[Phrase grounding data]
◇ ◇ ◇

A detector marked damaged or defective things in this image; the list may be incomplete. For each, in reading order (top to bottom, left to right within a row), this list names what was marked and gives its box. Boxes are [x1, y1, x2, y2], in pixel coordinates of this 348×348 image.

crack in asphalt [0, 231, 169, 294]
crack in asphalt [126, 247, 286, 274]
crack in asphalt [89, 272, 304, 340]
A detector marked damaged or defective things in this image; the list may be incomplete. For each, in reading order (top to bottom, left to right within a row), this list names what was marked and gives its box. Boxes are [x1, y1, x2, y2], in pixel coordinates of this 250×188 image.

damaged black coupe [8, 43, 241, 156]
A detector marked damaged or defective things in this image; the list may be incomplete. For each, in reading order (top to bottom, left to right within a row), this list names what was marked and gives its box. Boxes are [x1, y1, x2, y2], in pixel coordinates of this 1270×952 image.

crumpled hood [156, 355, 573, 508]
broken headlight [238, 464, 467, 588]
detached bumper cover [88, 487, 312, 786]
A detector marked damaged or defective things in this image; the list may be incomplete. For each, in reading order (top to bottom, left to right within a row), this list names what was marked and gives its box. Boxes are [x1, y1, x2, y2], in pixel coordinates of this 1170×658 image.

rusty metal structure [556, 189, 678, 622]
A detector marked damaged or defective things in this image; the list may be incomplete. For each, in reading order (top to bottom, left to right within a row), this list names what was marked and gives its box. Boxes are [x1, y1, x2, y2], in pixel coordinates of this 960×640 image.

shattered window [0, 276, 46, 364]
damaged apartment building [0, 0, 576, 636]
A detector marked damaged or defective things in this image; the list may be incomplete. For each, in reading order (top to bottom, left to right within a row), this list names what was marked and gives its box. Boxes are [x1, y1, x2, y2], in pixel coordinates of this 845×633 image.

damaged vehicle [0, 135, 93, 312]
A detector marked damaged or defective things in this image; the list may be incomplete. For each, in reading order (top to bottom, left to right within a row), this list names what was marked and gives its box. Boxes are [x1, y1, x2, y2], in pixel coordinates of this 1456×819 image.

◇ ◇ ◇

* Action item *
Look for the line that contains "this 960×640 image." in the entries above. Set it down, along with all later lines, exactly as written.

* Task output *
A detector marked damaged or defective things in this image; the list may be incomplete. For each, in reading order (top to bottom, left to right within a row), this list names what was marked and gives its box. Boxes are [x1, y1, x2, y2], in pixel coordinates of this 960×640 image.

shattered window [0, 276, 46, 364]
damaged apartment building [0, 0, 576, 636]
A detector marked damaged or defective things in this image; the list may be incomplete. For each, in reading order (top to bottom, left to right within a row), this list names what was marked and gives its box. Boxes are [x1, y1, x2, y2], in pixel coordinates of this 845×633 image.

damaged vehicle [0, 135, 93, 312]
A detector marked damaged or defective things in this image; the list may be incomplete. For each, in reading order (top to bottom, left to right within a row), this list names what was marked and gives its box. Boxes are [x1, y1, x2, y2], in pixel coordinates of this 1456×819 image.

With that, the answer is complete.